Consider this: brokerages are run as a business. They have a financial incentive to attract and serve their client’s for the long-term. After all, they make money from the spread of every a trade that is traded by the client.
So don’t you think that it makes good business sense to retain a satisfied client who trades for years rather than to run the risk of losing them as a result of a one-off, penny pinching wheeze?
It’s a competitive market out there, with numerous brokerage houses all clamouring for our business. With that in mind, it would be very short-sighted from a business perspective for them to rip off their clients.
Broker bashing is very common in trading forums online but beware!
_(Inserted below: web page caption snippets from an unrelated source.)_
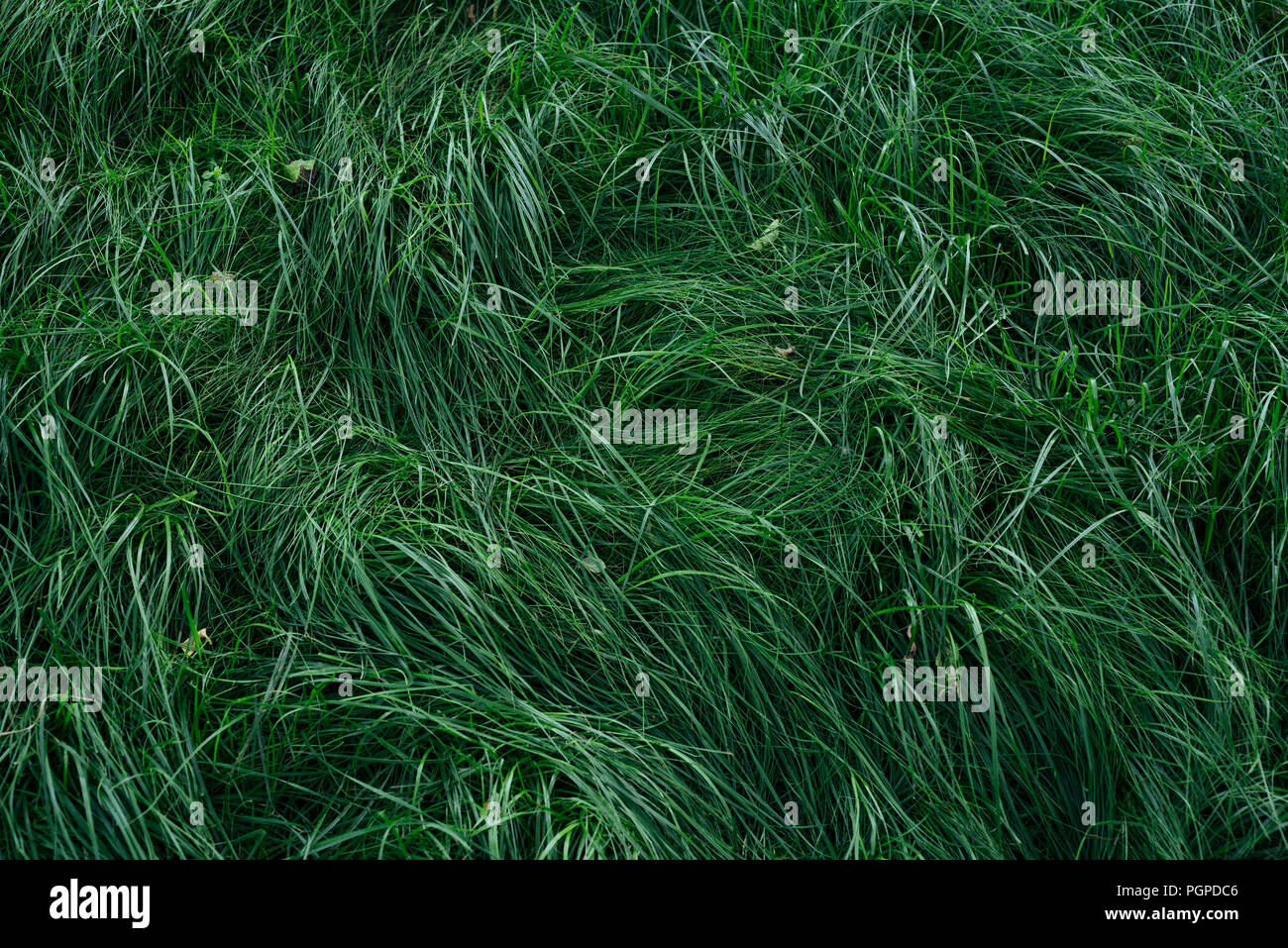 La texture de l'herbe verte dans le jardin Banque D'Images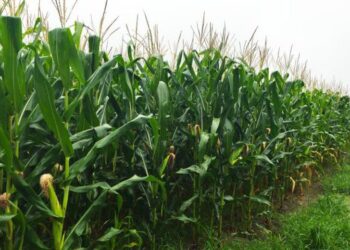 Nordeste tem três estados entre os dez maiores produtores nacionais de milho, o Maranhão está entre os dez maiores do pais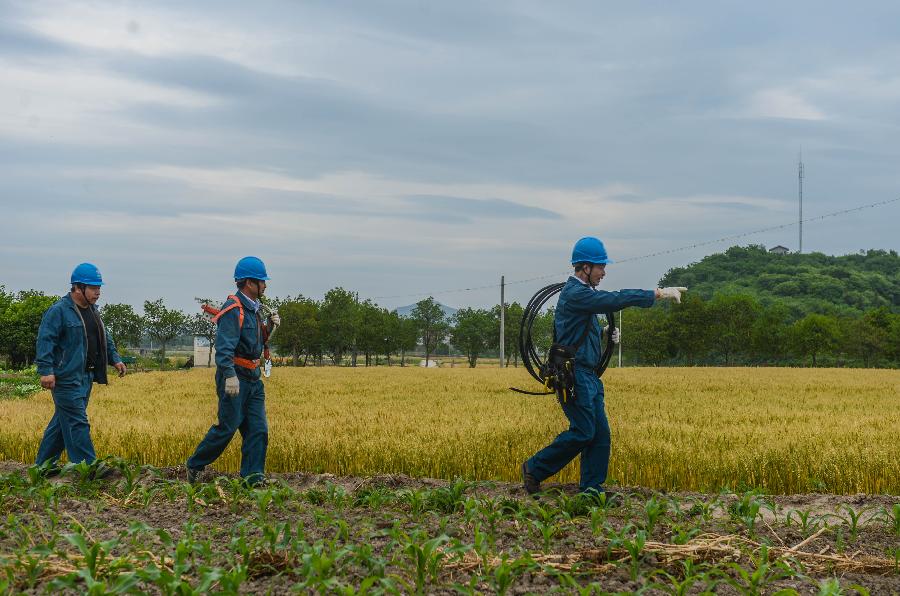 （社会）（2）浙江东阳：党员服务队助推美丽乡村建设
Many claims are inaccurate and written by people who do not understand that spreads widen at times of volatility of illiquidity and simple want to attribute blame to the number one scapegoat; the broker!
It is from my experience of mentoring private investors that the people who incessantly blame the market, everything and everyone for their trading mishaps over and above taking an introspective look at how they can proactively change their trading for the better are entrenched in an amateur’s mindset. Ever heard the expression: “a bad workman always blames his tools?”
Those who always blame the broker are typically those who are unable to take ownership and responsibility of your trading as a business. If it’s not the broker’s fault, then it’s the market. If it’s not the markets fault then it’s the charting software.
As a rule of thumb, shop around choose a reputable broker who is regulated in the country where you are a resident and make sure you read and understand their terms and conditions. We recommend our best broker on a variety of factors. Yes, they have been rigerously vetted to being you the best deal.
This is another biggie of a trading myth. Many people delude themselves with thinking that the more they know about the news and fundamentals off the charts, the more informed their trading will be when it comes to profiting from what they see on the charts. This is hogwash!
As technical traders, it’s our job to analyse the story told between bulls and bears according to what the chart is telling us at that precise time. The expression: “trade what you see not what you think” rings true here. Do people who know more about markets make better traders? Not really. Much of the bottom line of a trader’s profit and loss statement hinges on their ability to apply themselves by knowing what to do and when to do it.
The irony is, adding the extra ingredients of fundamentals in the form of news, historical data releases to our decision making process simply clouds our judgement and makes trading far more difficult than it ever needs to be!
This is where the law of diminishing returns creeps in. What may seem like a logical and justified pursuit of more information to help the best possible trading decision may very well hinder you.
Knowing less about the markets and what is going on away from the charts in terms of news and fundamentals will actually make trading a far less time-consuming and far more decisive. It will also make your trading decisions far faster and your thinking, more fluid. After all, the market isn’t going to wait for anyone who dithers.